La speranza germina sempre dalla crisi. Che non va rimossa ma accolta, come ci ricorda Papa Francesco. Così accade anche nella realtà della politica. Così anche nella realtà del conflitto israelo-palestinese. Alla guerra di Yom Kippur seguì la pace con l’Egitto. Alla prima Intifada seguirono gli accordi di Oslo.

Perché la guerra mostra a tutti le proprie fragilità. Anche a chi la vince.
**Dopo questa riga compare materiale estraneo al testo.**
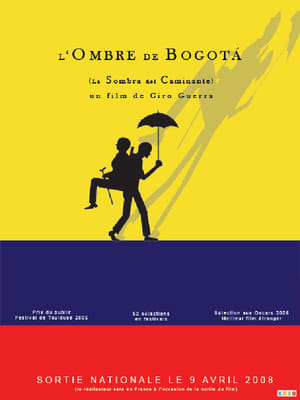 L'ombre de Bogota film complet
Così è anche per l’orrore del 7 ottobre. Le “vittorie” reclamate poi sul terreno militare dall’uno e dall’altro non riescono a nascondere la debolezza che alberga nei due campi. Debolezza che si esprime soprattutto nella stanchezza. I due popoli sono stanchi. Stanchi di una guerra che quest’anno celebra il suo 75° anniversario. Stanchi gli israeliani di vivere in un paese che vede ogni giorno le sue grandi potenzialità limitate da un’instabilità permanente. Stanchi i palestinesi di vivere una situazione insostenibile di privazione della libertà di movimento, di angherie e di soprusi. Una stanchezza palpabile in ogni conversazione nelle strade di Gerusalemme. Forse l’ipotesi dei due Stati, come sola risposta possibile a questa stanchezza, paradossalmente non è mai stata così vicina come oggi. Non è cosa di domani, né di dopodomani; perché non può darsi come vittoria di chi ha scatenato questa guerra. Ma in entrambe le società (meno nei politici che le rappresentano) cresce un’insofferenza al presente che può avviare una pacificazione definitiva. «Dobbiamo imparare a rispettare ed onorare il dolore altrui, noi il loro e loro il nostro» ha detto ieri Rachel Golberg Polin, la madre del giovane Hersh ostaggio a Gaza da 35 giorni. Non è utopia. È speranza.